In 1950, Lenger joined the mathematics faculty of the Lycée Royal d’Arlon; in 1957, she was appointed prefect at Arlon and director of the State Normal School in Arlon.

She became a professor of mathematics at the Berkendael State Normal School in Brussels in 1960. In 1961, with several other mathematicians, she became one of the founders of the Centre Belge de Pédagogie de la Mathématique (Belgian Center for the Pedagogy of Mathematics). From 1974 to 1980 she worked in the US, at the Comprehensive School Mathematics Program in St. Louis, Missouri. She returned to Berkendael in 1980. She retired in 1981 but continued to work as a volunteer at the French school in Nivelles until 1992.

==Contributions==

Lenger began her work on developing a modern school mathematics curriculum in 1958, working with Willy Servais and in consultation with Georges Papy, whom she married in 1960. With Madeleine Lepropre, Lenger ran an experimental training program for kindergarten teachers based on the new curriculum in 1958–1959, and was encouraged by the enthusiasm the kindergarten students showed for the material.
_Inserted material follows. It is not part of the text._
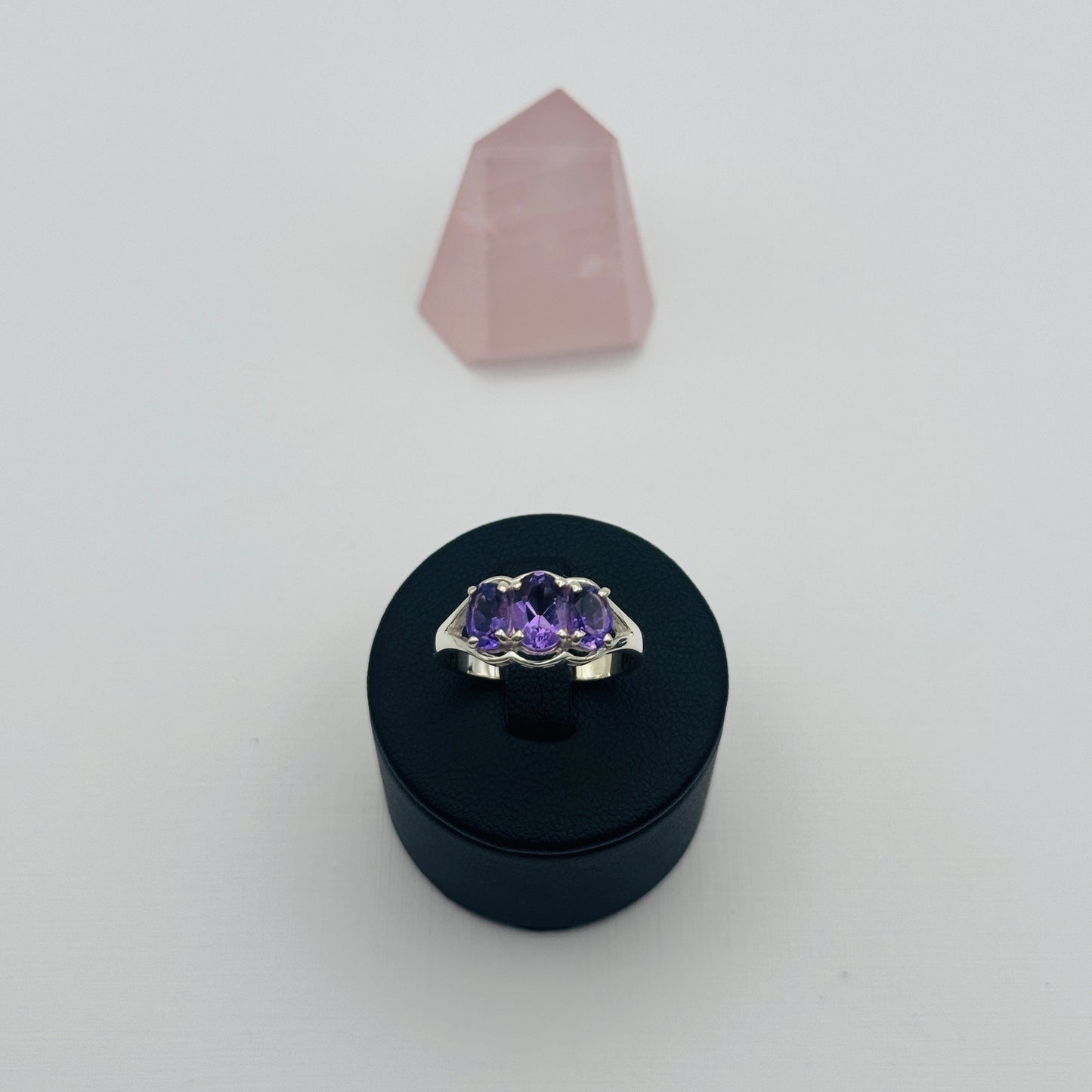 Made for a Princess: Sterling Silver Amethyst Talisman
With Papy, in the mid-1960s, she developed a six-volume high-school mathematics program based on the principles of set theory and abstract algebra.

In 1969, Lenger was an invited plenary speaker at the first International Congress on Mathematical Education in Lyon, France; speaking there on the "minicomputer" method for teaching binary number arithmetic to schoolchildren. She became the founding president of the International Research Group in Mathematical Pedagogy in 1971.

Her books include L'enfant et les graphes (Didier, 1968), Mathématique moderne (Didier, 1970), Modern mathematics (two vols., Collier, 1968 and 1969), Graph Games (Crowell, 1971), and Graphs and the Child (Harvard University Press, 1979). She also produced many educational booklets through the Belgian Center for the Pedagogy of Mathematics and the Comprehensive School Mathematics Program.

==Legacy==
The rue Frédérique Lenger in Arlon is named after her.